Jeśli zdaje co piąty kandydat, to powstaje pytanie, czy taki niski jest poziom studiów prawniczych, czy też tak źle uczymy? Myślę, że odpowiedź tkwi w pytaniach egzaminacyjnych, pisze Mirosław Nesterowicz w artykule "Głos profesora prawa o egzaminach na aplikacje prawnicze. Lepiej mniej pytań, ale istotnych", który drukuje Rzeczpospolita.

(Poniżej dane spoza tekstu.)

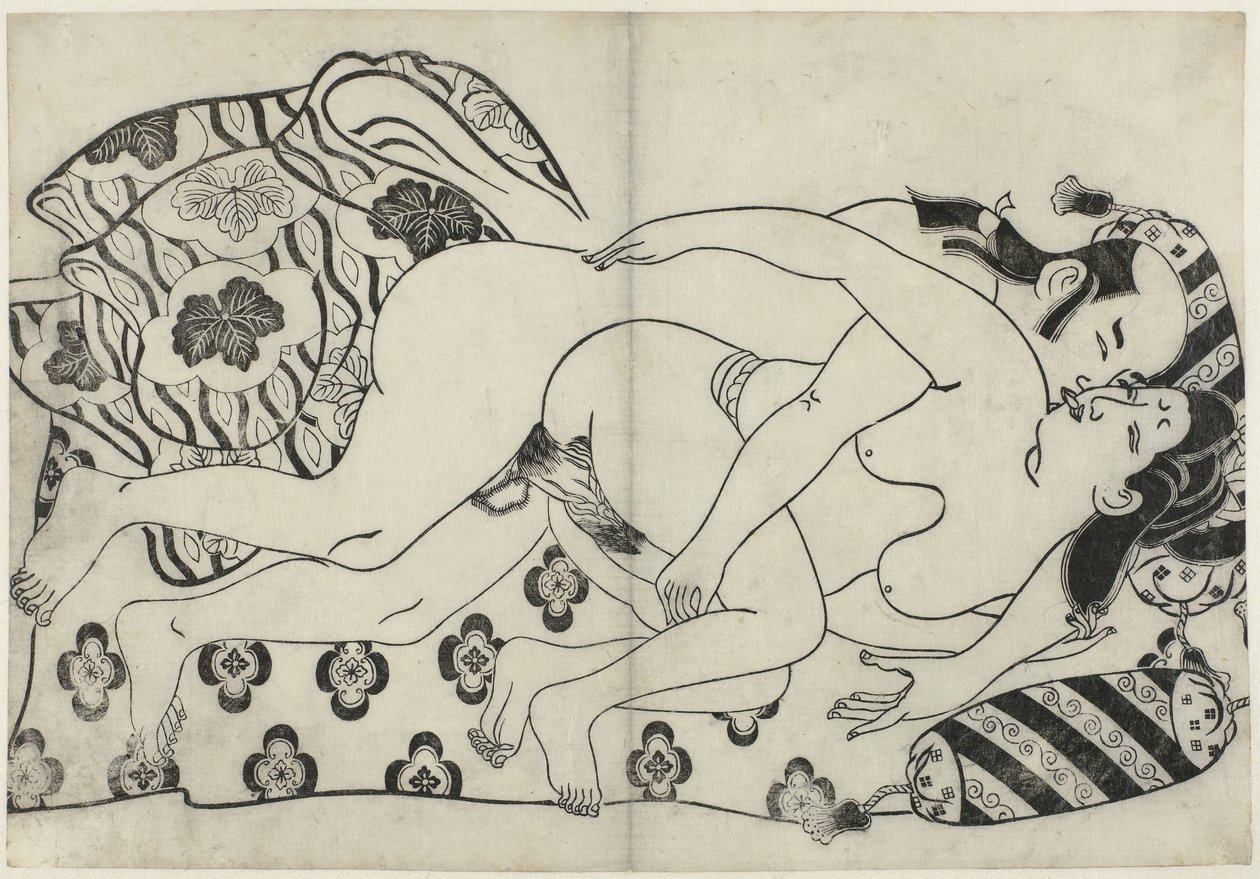 Eroottinen show Hana ni Yosurukyo (sarjan nimi) tekijältä Sugimura Jihei (attributed to)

(...)Jako osiągnięcie w zbliżaniu się do europejskich standardów prawa wykonywania zawodów prawniczych przyjmuję nowy system naboru na aplikacje prawnicze, zniesienie limitów, ujednolicenie pytań w skali kraju i ograniczenie testów tylko do prawa. O przyjęciu na aplikację decydować ma jedynie wiedza prawnicza kandydata, a nie pochodzenie i znajomości - pisze Nesterowicz. Oczywiście są i minusy. Nie można ocenić predyspozycji intelektualnych kandydata do wykonywania zawodów prawniczych, jego kultury osobistej, łatwości wypowiadania się i nawiązywania kontaktów, umiejętności logicznego myślenia itp. Ale coś za coś. Skoro dotychczasowy system uwzględniający różne imponderabilia się nie sprawdził, konieczne były radykalne zmiany.

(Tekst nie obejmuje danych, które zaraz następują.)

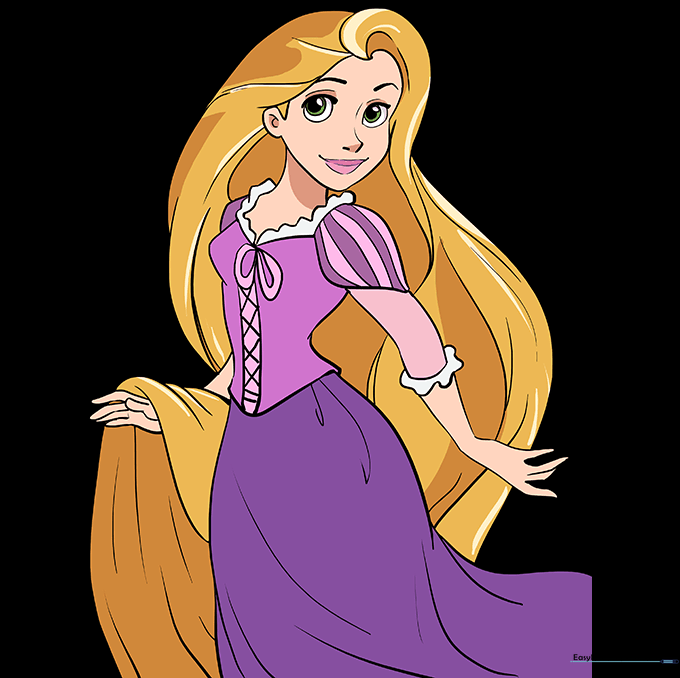 The finished, colored drawing of Rapunzel with blonde hair and a purple dress.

W poprzednich latach zdarzało się nieraz, że moi studenci nie uzyskiwali wymaganej przez korporacje prawnicze liczby punktów, gdyż nie byli w stanie odpowiedzieć na tzw. pytania na inteligencję, np. kto zdobył mistrzostwo USA w koszykówce lub Puchar Stanleya w hokeju w Kanadzie, nie wiedzieli, jak się nazywa stolica Togo, lub nie znali jakiegoś prądu artystycznego w malarstwie, o którym się można dowiedzieć dopiero po dłuższym wertowaniu specjalistycznej encyklopedii.
(...) Wyrównanie szans to są pozytywy nowego systemu egzaminacyjnego. Natomiast za wyjątkowo złe należy uznać wyniki egzaminu na aplikację radcowską. Jeśli zdaje co piąty, a w niektórych okręgach co dziesiąty kandydat, to powstaje pytanie, czy taki niski jest poziom studiów prawniczych, czy też tak źle uczymy studentów? Myślę, że odpowiedź tkwi w pytaniach egzaminacyjnych. Wydaje się, że skoro kandydat ma odpowiedzieć prawidłowo na 190 z 250 pytań, to test nie jest trudny i daje znaczny margines błędu. Trzeba jednak zastanowić się, jakie to są pytania. Przy tym należy brać pod uwagę, że nie jest to egzamin zawodowy po zakończeniu trzy-, czteroletniej, bardzo długiej w Polsce aplikacji, lecz egzamin wstępny. (...) Uważam, że 250 pytań to za dużo, 150 najzupełniej wystarczy do oceny wiedzy kandydata. Zbyt duża liczba pytań stwarza trudności w ułożeniu dobrego testu i obniża percepcję kandydatów.